It seems Internet vigilantism didn't die after Reddit's Boston bombing-obsessed users pointed its fingers at an innocent student who was later discovered dead. This time it's the hacktivist group Anonymous publically pointing the finger at a person who may or may not have been the police officer who fatally shot Michael Brown in Ferguson Missouri.

Tensions are already at an all-time high in the St. Louis-area city, where protesters and police have clashed night after night, following the shooting of the unarmed 18-year old Brown on Aug. 9. Ferguson authorities have been pressured to release the name of the officer who shot and killed Brown but have refused to divulge the officer's name, citing possible retribution from the community or vigilantes.

That hasn't stopped Anonymous from releasing the name of a man it believes is the officer in question. According to CNN, Anonymous hacked the police department's computers and obtained audio files from police dispatches, as part of the group's ongoing "Operation Ferguson" campaign. After issuing an ultimatum to the Ferguson police to release the name of the shooter or they would, on Thursday morning, Anonymous tweeted the name, a photograph, and details of a conversation he had on Facebook. Latin Post will not publish the alleged shooter's name unless and until officials confirm it.

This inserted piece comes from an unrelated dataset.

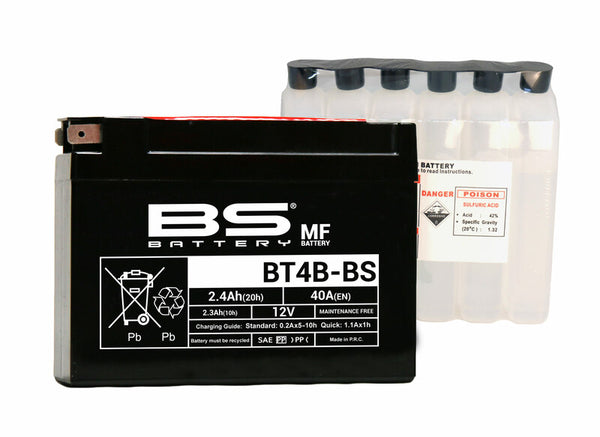 BS Battery Maintenance-Free Battery with Acid Pack - BT4B-BS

And officials have done anything but confirm the identity of the man Anonymous identified as the shooter. In fact, the St. Louis County PD on Twitter responded to Anonymous' tweet, saying the man identified "is not even an officer with Ferguson or St. Louis County PD. Do not release more info on this random citizen."

Twitter seems to agree that Anonymous is putting a random citizen's life in harm's way, as it suspended the Anonymous account without comment early Thursday afternoon, pointing to its basic usage rules as justification. Anonymous had threatened to release more information on the man, including details about his home, but the group's backup Twitter account announced they were "ceasing any future dox releases" -- or public releases of personal information -- until further notice.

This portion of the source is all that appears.